Requirement -> All of the listing should be output exactly, apart from the pictures.

Given information ->
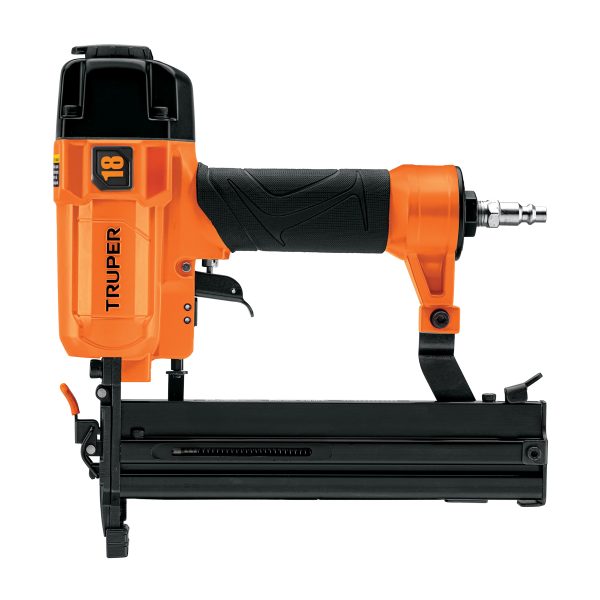 13176 - Engrapadora neumática, calibre 18, Truper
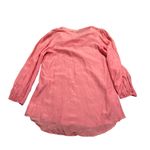 Trinity  silk blend tunic Photo 1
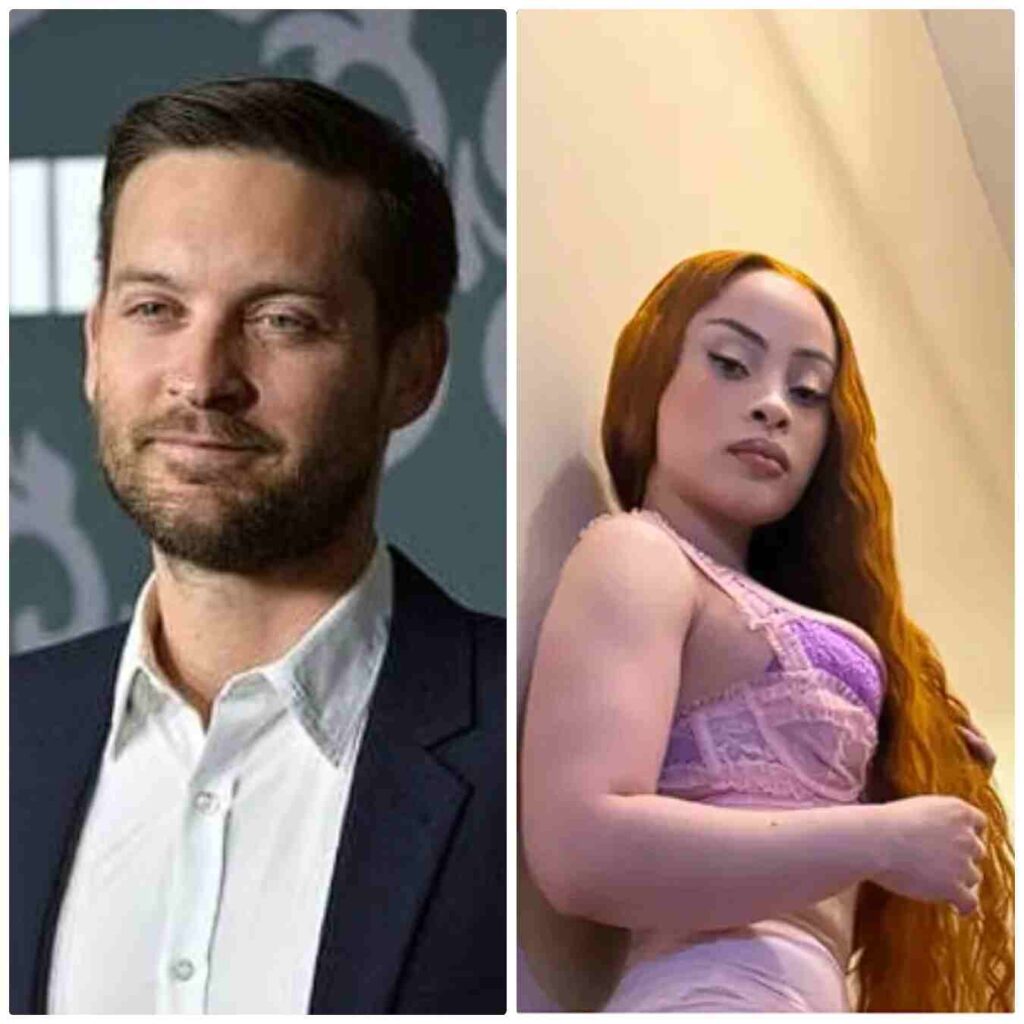 tobey maguire girlfriend, age, net worth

Exercise result ->
 13176 - Engrapadora neumática, calibre 18, Truper
 Trinity  silk blend tunic Photo 1
 tobey maguire girlfriend, age, net worth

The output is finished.